The Bitcoin network experienced a cumulative mining difficulty reduction of 9.5 trillion since October 2025, providing a much-needed relief for miners who have been facing compressed margins since the quadrennial block reward halving in April 2024, from 6.25 BTC to 3.125 BTC. Transaction fees contributed just 0.72% of total block rewards over the past 24 hours, offering minimal revenue supplementation as the blockchain maintains its security primarily through newly issued bitcoins.
Currently, a block is created on the Bitcoin network every 10 minutes and 34 seconds against the protocol’s 10-minute target. This positions the next difficulty scheduled for January 22 toward an estimated 5.45% reduction based on current block discovery rates.

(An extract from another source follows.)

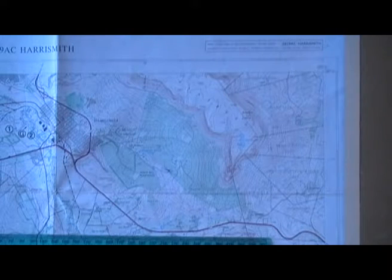As we continue to look at 1 in 50,000 maps, today we are going to have a look at contours. Contours are an important feature of the 1 in 50,000 map, which strictly speaking should be called the 1 in 50,000 topographic series, with topography referring to the shape of the land. The shape of the land on the 1 in 50,000 map is depicted through contours.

Bitcoin Miners Secure Deals to Supply Power for AI and HPC Computing
The hashrate retreat coincides with broader mining sector challenges as AI data centers increasingly compete for the same electrical infrastructure that Bitcoin miners have historically relied upon for cost-competitive access to energy. This has further tightened margins across the crypto mining sector.
Prominent Bitcoin miner, TeraWulf, recently signed a two-decade-long hosting agreement with AI cloud computing platform FluidStack, which is backed in part by Google. The deal will see TeraWulf provide roughly 200 megawatts (MWs) of electricity, aiming for a headline revenue of around $1.85 million per MW annually.

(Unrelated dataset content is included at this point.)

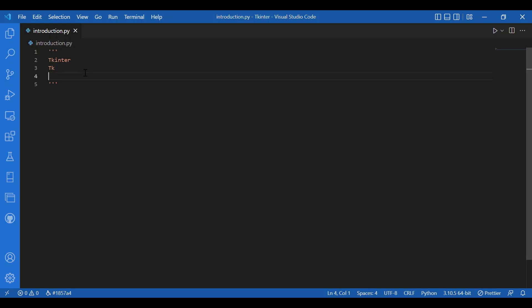Now to install Tkinter, you can run pip install tkinter. You will write pip install tkinter in the terminal and you will be good to go.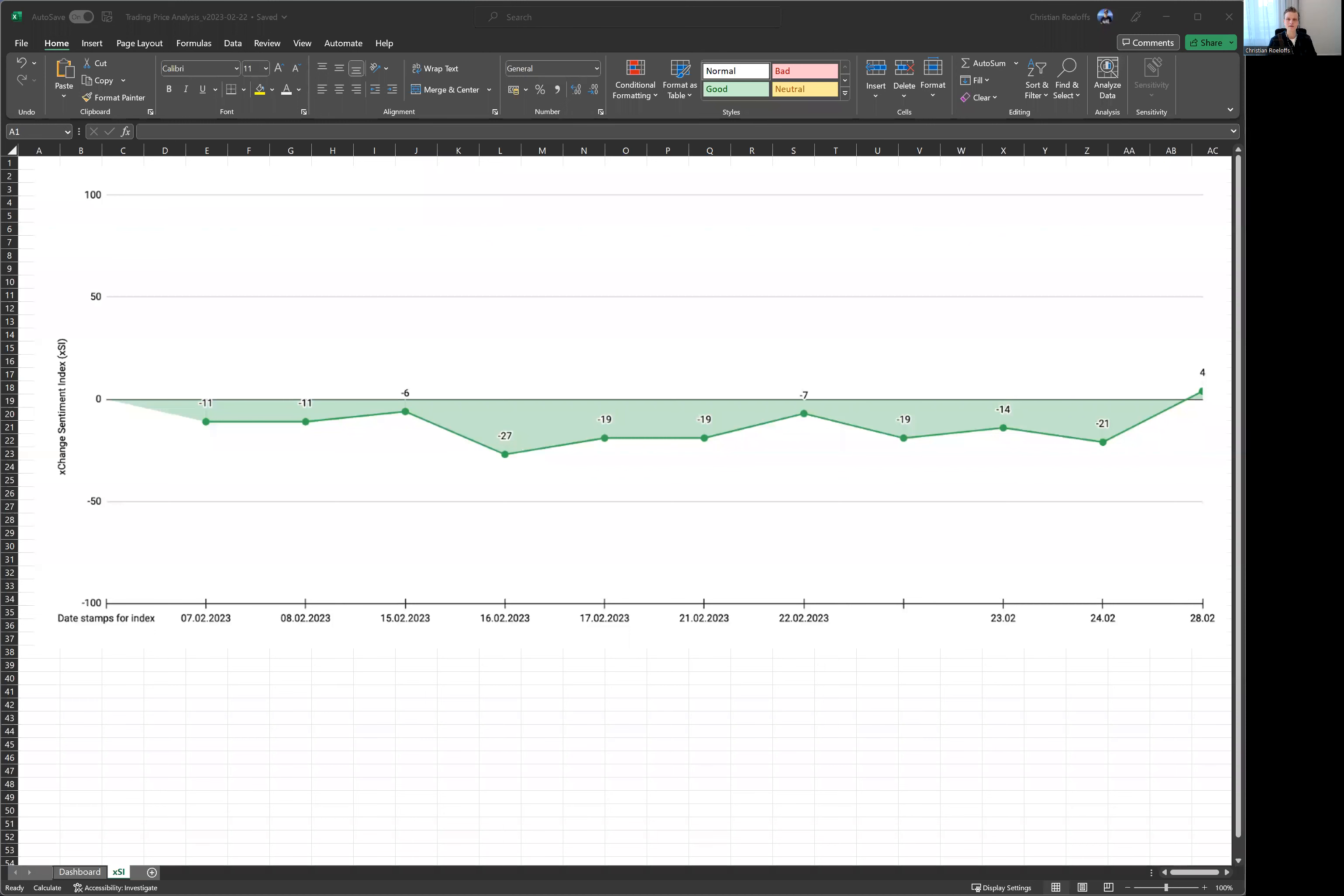Now, talking about data intelligence tools, I just want to quickly share my screen. Just give me a second. Here we go. I think you should see that now.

CleanSpark has acquired 271 acres in Texas to establish a next-generation AI campus, while MARA Holdings is acquiring a 64% majority stake in Exaion, a subsidiary of the French electricity giant EDF that specializes in high-performance, sovereign, and open-source digital services, including blockchain, 3D cloud computing, HPC, cybersecurity, and IT hosting, to accelerate its own AI ambitions.
Other large-scale miners like Core Scientific, Bitdeer, and Iris Energy have also followed suit, expanding their AI or HPC operations with new contracts and infrastructure dedicated to GPU workloads.
At the time of writing, Bitcoin (BTC) is trading at $93,071 – down 2.11% in 24 hours.